Don’t question the King!!

 It is pathetic seeing the PC lapdogs twisting, turning and generally refusing to answer in what was a blatant assault by their party on the democratic process in Alberta.

 Question period in the legislature is of limited use at the best of times, but it is worthwhile to pop in for a look to see how the government arrogantly refuses to answer legitimate questions from the opposition.

 Which part of Gibson actually doing his job annoyed King special Ed Stelmach?

 Was it the finding of 11 electoral violations and recomendation for legal followup that irked His Highness?

 Was it Gibson’s questioning of the clear impropriety of having the Progressive Conservative Party handpick each and every returning officer in the province?

 Perhaps it was Gibson bringing light to Eddie’s lie regarding fixed election dates as documented here.

 It could be any of the other 100 and some recommendations that Gibson presented to Emperor Ed in trying to increase democracy in Alberta. Eddie arrogantly dismissed all of the recommendations of course.

 I suspect that it was a mix of all the above reasons. The biggest sin that Gibson committed was to try and do his job. Gibson remained impartial and refused to lick the feet of Mr. Ed. For doing his job Gibson was promptly fired.

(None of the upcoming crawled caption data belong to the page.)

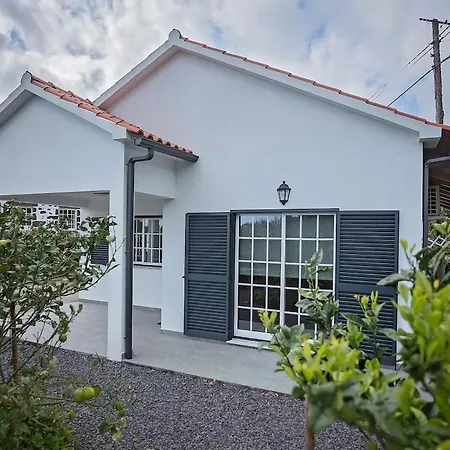 Casa Da Amparo Aroeira (Setubal)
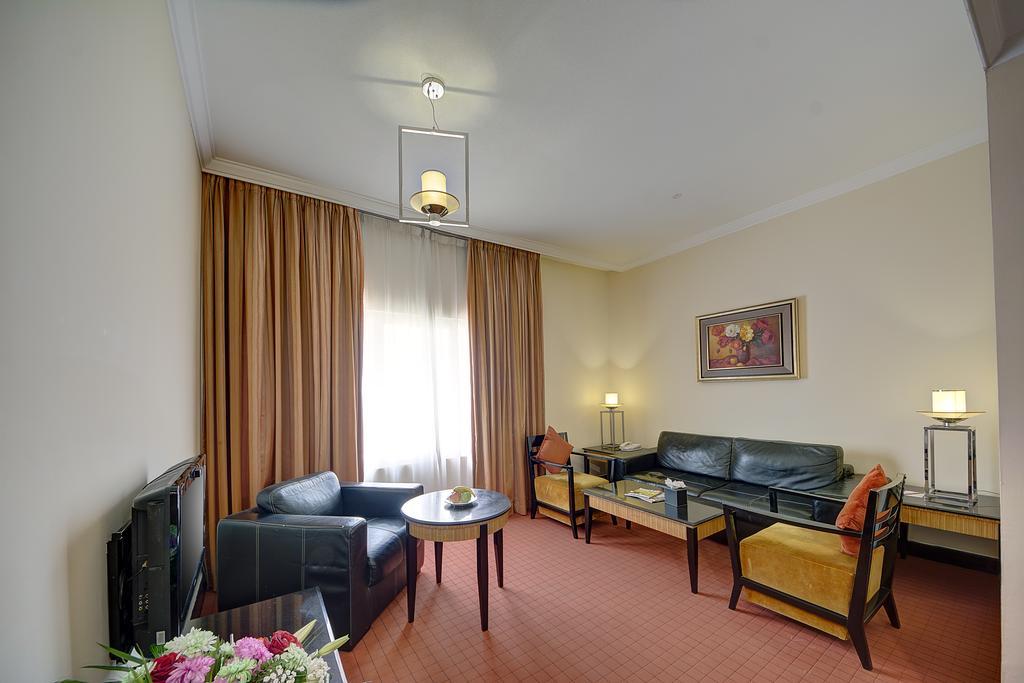 Rayan Hotel Corniche Sharjah Exteriör bild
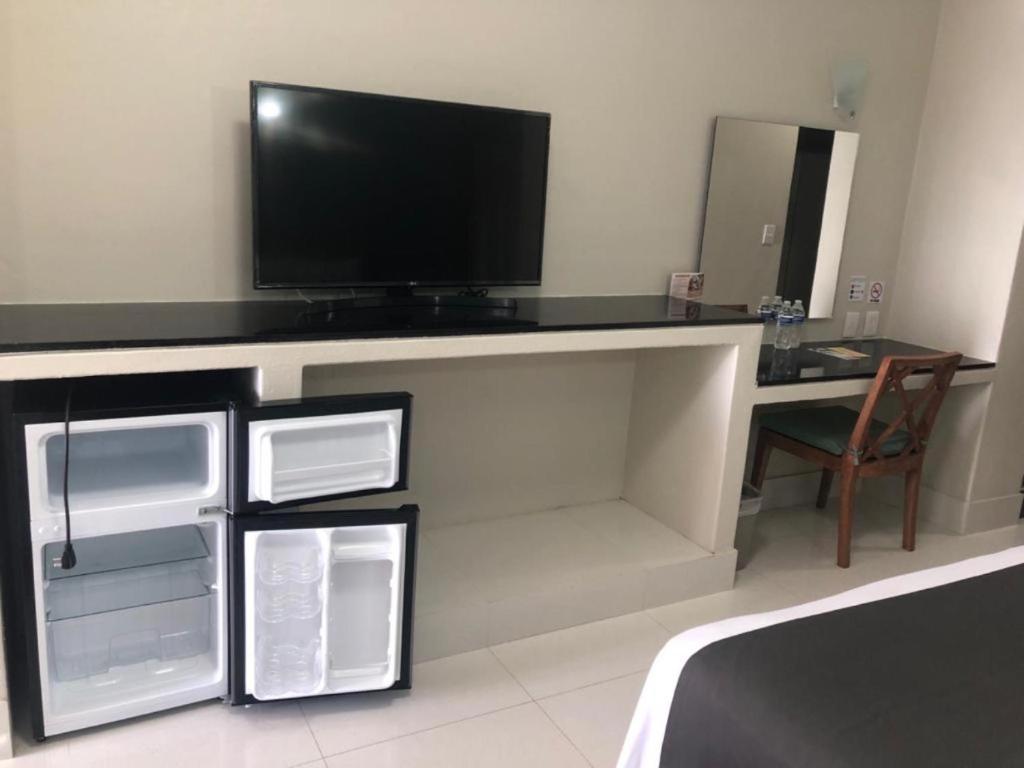 Una televisión o centro de entretenimiento en Don Pelayo Pacific Beach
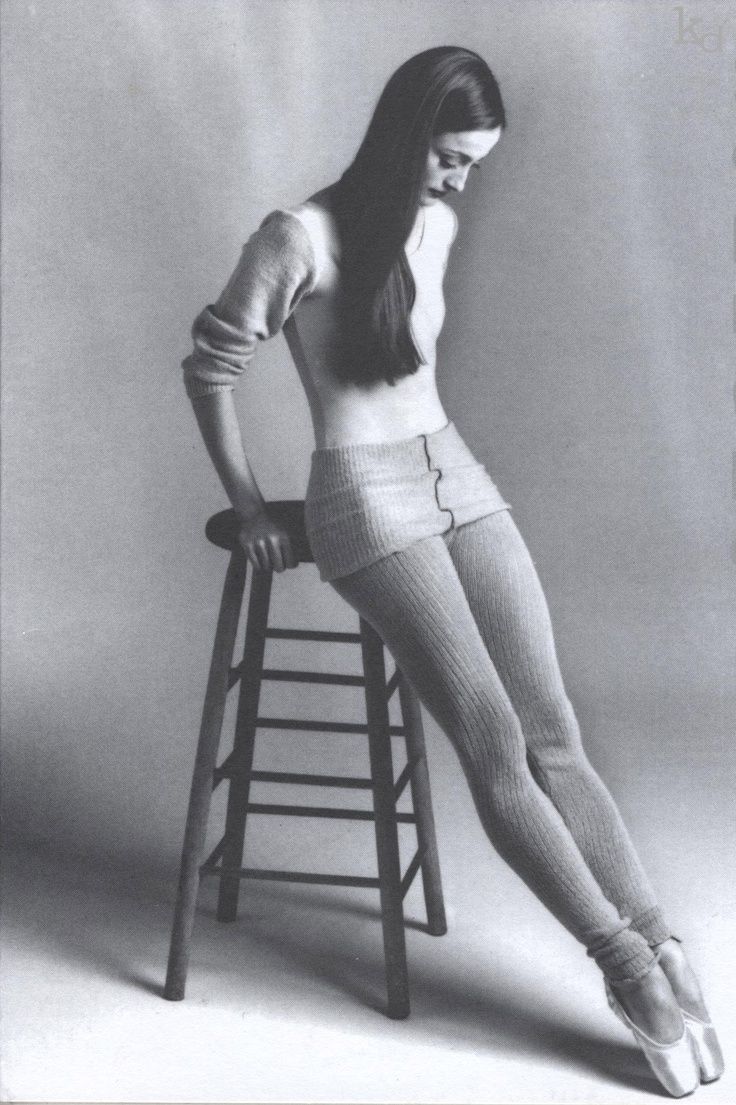 736x1105, 110 Kb / балерина, теплая, одежда, ч/б, стул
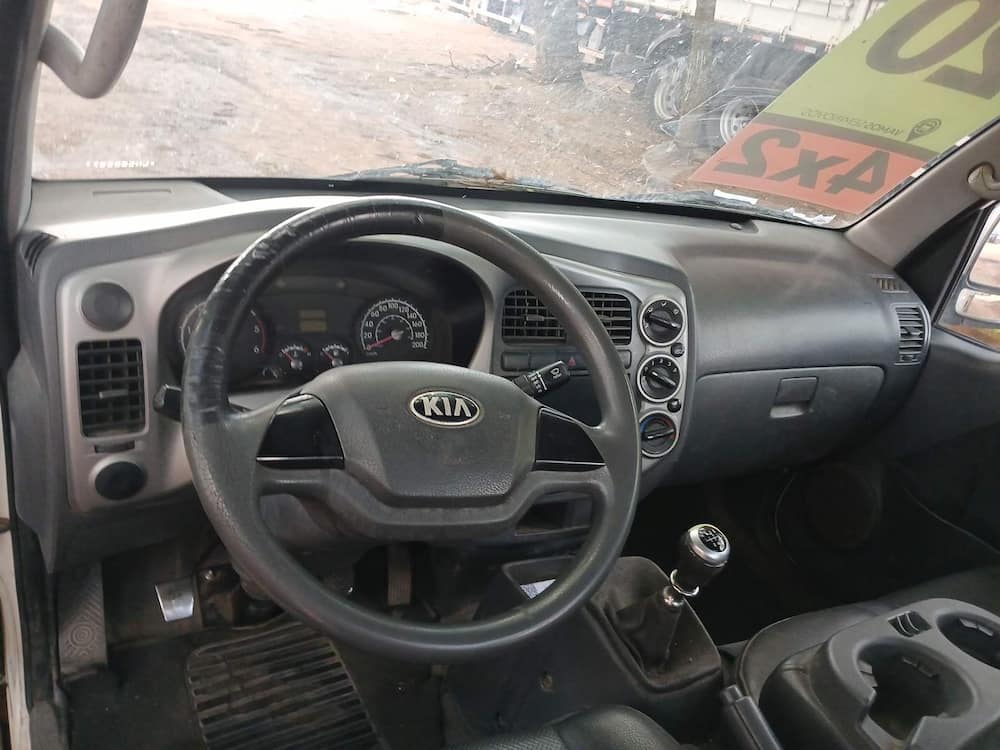 Kia Bongo K-2500 STD 4x2 RS (cab. simples)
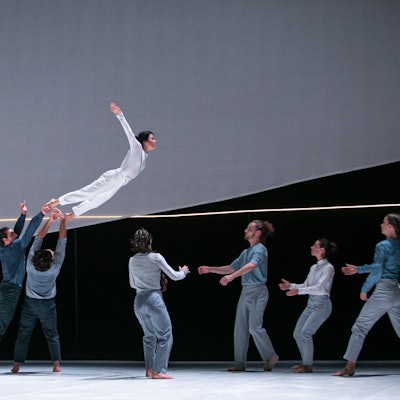 Made of Space
GN | MC / Guy Nader & Maria Campos
Choreografie: Guy Nader & Maria Campos
Idee, Konzept & Bühne / Choreografie: Guy Nader • Maria Campos
Kreation & Performance: Alex de Vries • Anamaria Klajnšček • Héctor Plaza • Maria Campos • Maxime Smeets • Noé Ferey • Patricia Hastewell
Musikkomposition: Miguel Marín
Live-Musik: Daniel Munarriz • Joan Pérez-Villegas
Lichtdesign: Conchita Pons
Kostüme: Gabriela Lotaif
Foto: Alfred Mauve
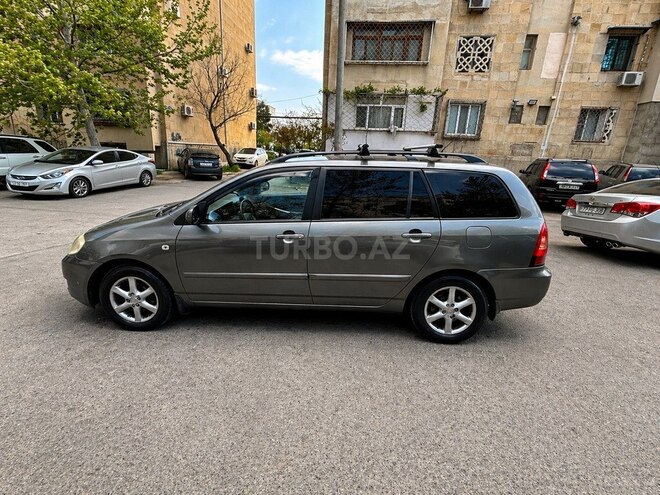 Toyota Corolla-4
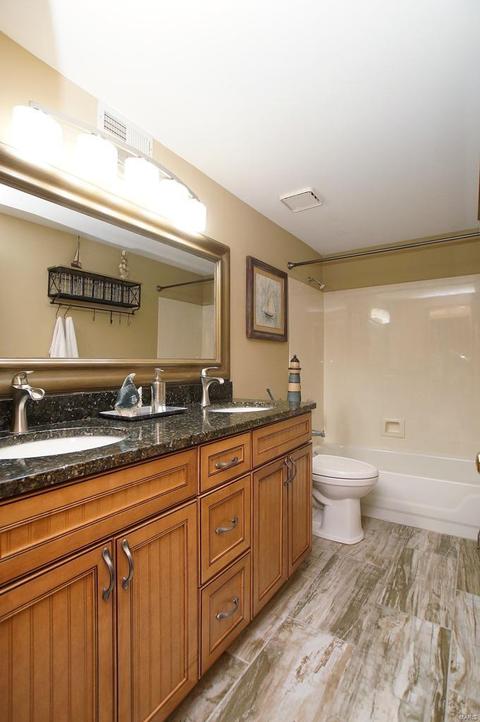 570 Autumn Oaks Dr, Ellisville, MO 63021 photo 34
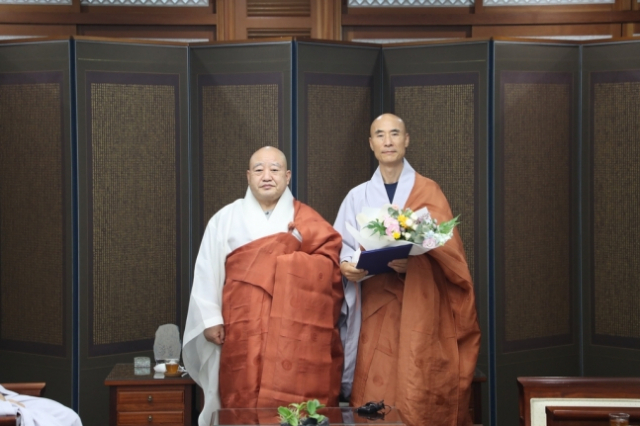 대한불교조계종은 제16교구 본사인 경북 의성의 고운사(孤雲寺) 주지에 등운스님(오른쪽을 임명했다고 25일 밝혔다. 왼쪽은 조계종 총무원장 원행스님. 조계종 제공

 We can be assured that the next Chief Electoral Officer will do whatever the PC party tells them if they want to keep their job. There is no role in the civil service where impartiality and protection from government interference is more important than that of the Chief Electoral Officer of Alberta. The Alberta Progressive Conservatives led by Special Ed Stelmach have now compromised the integrity of that critical posting. We can likely look forward to further drops in electoral turnout as cynicism grows in the Alberta electorate.

 It must be difficult for PC MLAs to sleep at night. I know some of them had ideals at one time. Their silence is certainly deafening now.